There's been a slight, unexpected copyediting bottleneck. I designed several versions of the one story for me that is ready – Gladys Thomas. Also did the portrait ones that are done. We are over a month behind schedule. Time for copyediting is definitely something to factor in for the next bookmakers.

We had another title discussion (sorta). Now two options are being considered. The second is - Arrow Rock: Where the Past is the Future
I don’t love it, but I like it better than the former, so I’m hoping it wins out. I gave my favorite title one last go and sent an email supporting one that Shaney offered: Arrow Rock: Where History came to Visit and Stay. Or perhaps a version of that: Arrow Rock: Where History comes Home. You still get the history aspect, but it’s a bit warmer. I made a passionate (and diplomatic!) but didn’t get much response from rita. That’s ok, I’ll be happy if we go with the Past/Future one. It sounds like the Beyond History: Arrow Rock’s thriving Village will be the back cover. I do like the play of the ‘History’ being the focus on the front and the ‘Beyond History’ being on the back. Good interaction. (note: the beyond history idea was eventually discarded because we couldn’t find a picture that worked well).

Being in London away from the group is hard. I have to struggle through my problems via email. I don’t recommend it if at all possible in a group setting – hard to feel as part of the project from 4500 miles away. Alas, life can only wait so long I suppose. But I do miss everyone at Missouri!
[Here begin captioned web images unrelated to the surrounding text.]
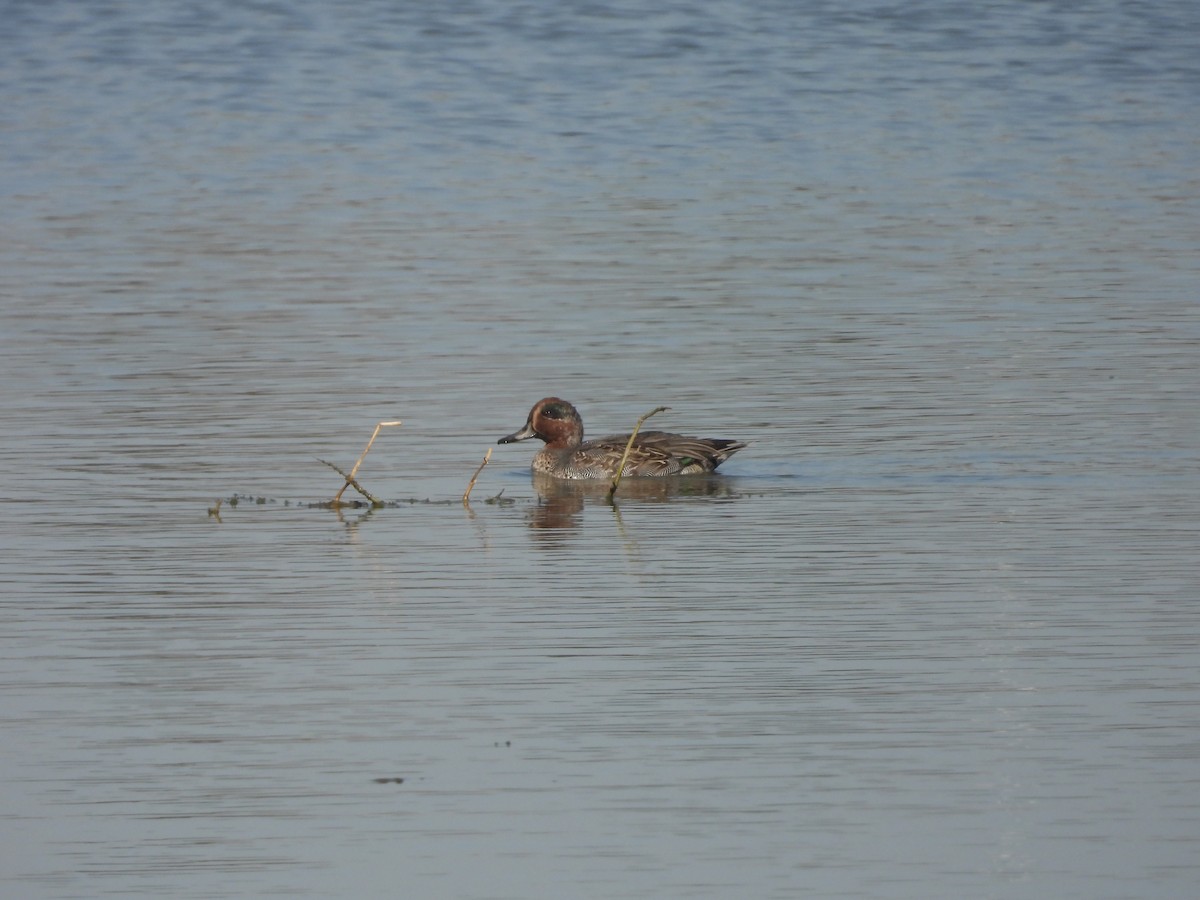 コガモ - ML646163607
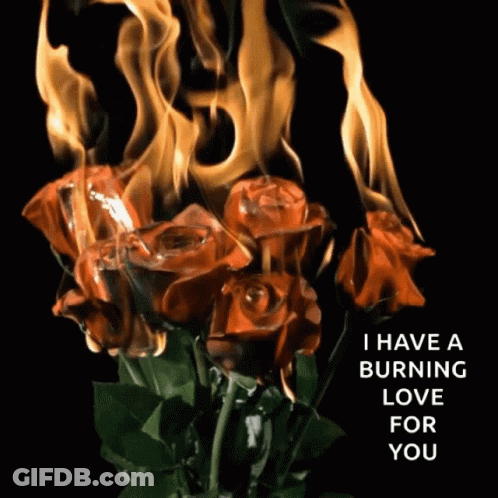 Burning Roses With I Have A Burning Love For You GIF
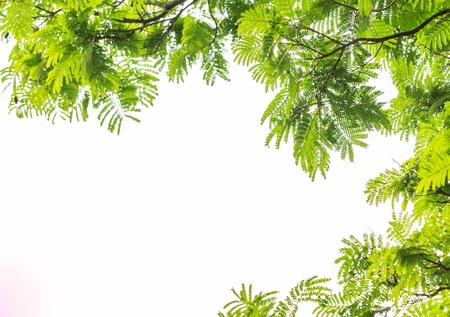Green leaf frame  and white  background.の写真素材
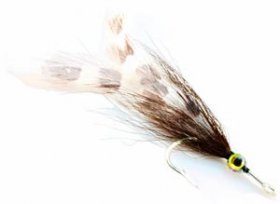 tarpon regarding fly - the tarpon roach fly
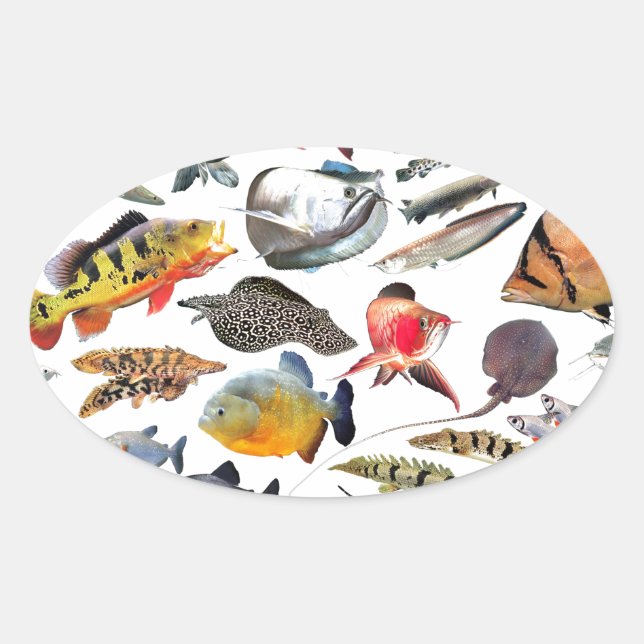 PEGATINA OVALADA 大型熱帯魚 (Anverso)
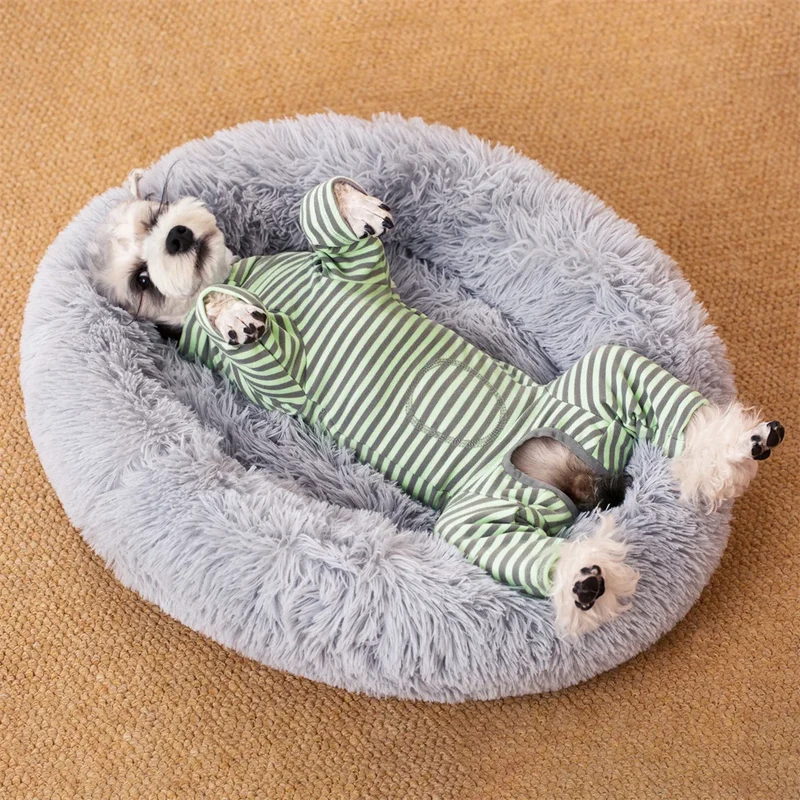Combinaison de Récupération Rayée Petit Chien 4 Pattes Col Réglable
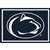 Penn State 4x6 Spirit Rug  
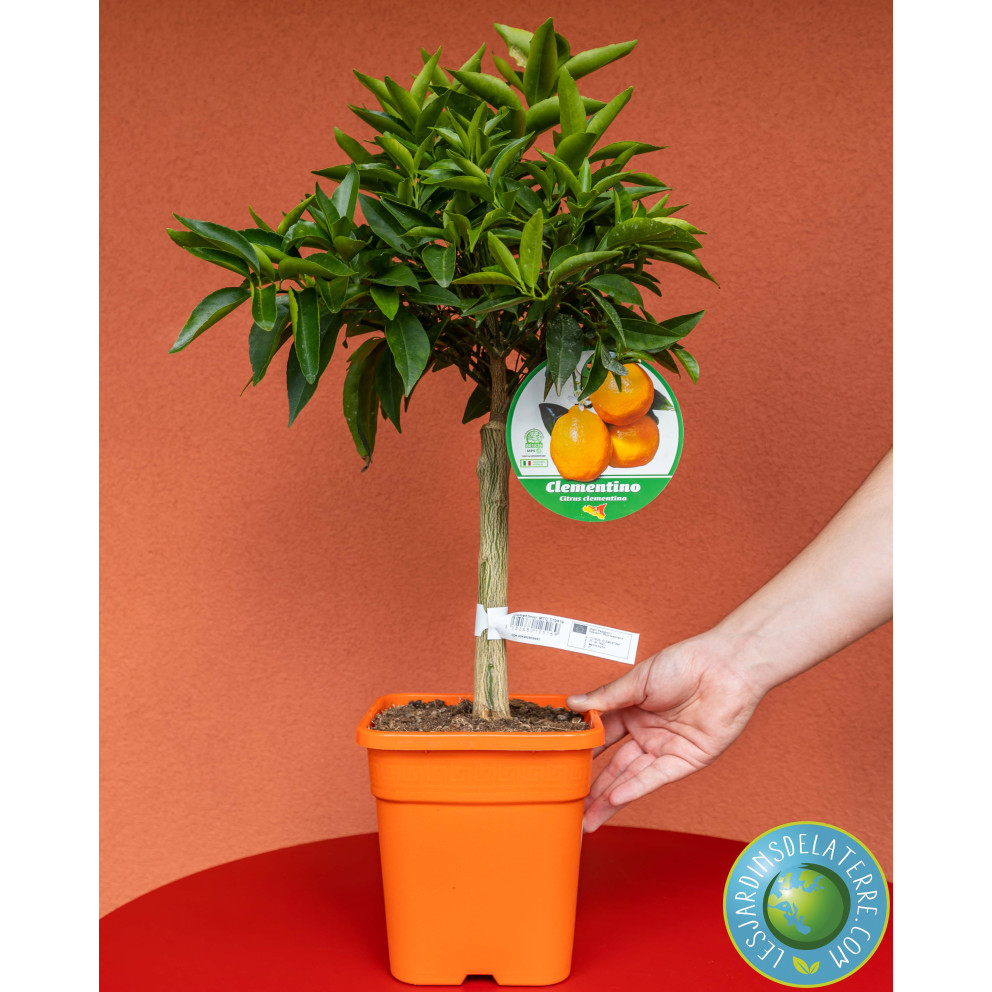 Clémentinier - Citrus Clementina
Abby came to visit for a week. We had one day of fun and then several days of serious Arrow Rock design work. We ironed out some technical details (such as: is the caption to picture distance from ascender to descender or from main letter body to picture; how far is the byline from the title, all that kind of fun stuff) . I showed Abby how to make an object style for the photo-border (very helpful, in case we ever decide to change it). We’ve de-spaced the captions a little, since they seemed a bit airy (leading, ledding? I can’t remember the official terminology – the spacing between lines, not letters). Mostly, we tried to establish some consistent design strategies. This is difficult, because every story seems to be different. We ended up designing about fourteen spreads each, (around 7 stories) and hope that at least some of these pass by Rita and Joy when they review them. I have found that design in this capacity is not so much creative as it is problem solving - trying to fit puzzle pieces together (even if they don’t always fit). Cropping pictures, which Angus McDougall says is a no-no, has become inevitable, just as chopping captions and once in a while text has as well. The biggest struggle for us has became the dreaded gutter. When a picture has to break a certain way across the gutter so as not to have important details lost in the crack, it really limits the design. This is much more an issue in a book than a newspaper or even a magazine, where the gutter absorbs very little (if any) of the picture. The sequencing is also important, and when it’s the middle picture we’ve chosen to be big, that’s a real doozy to design, because one can’t stack the smaller two. Abby was working on her Kathy story and said something to the effect of – this one is a problem child, because of this factor and that factor - once I get past this story it will be easier. But as we both agreed later, every spread has its own idiosyncrasies, and every one is a problem child! I will say that when we didn’t have text to work with, at least placing the pictures on the page in general sequence and size order helped later when we added text (though by no means meant we didn’t have to eventually redesign). Still, having the pictures already there, ready and waiting, was very helpful, so if future book makers ever have to wait for text, I recommend doing this.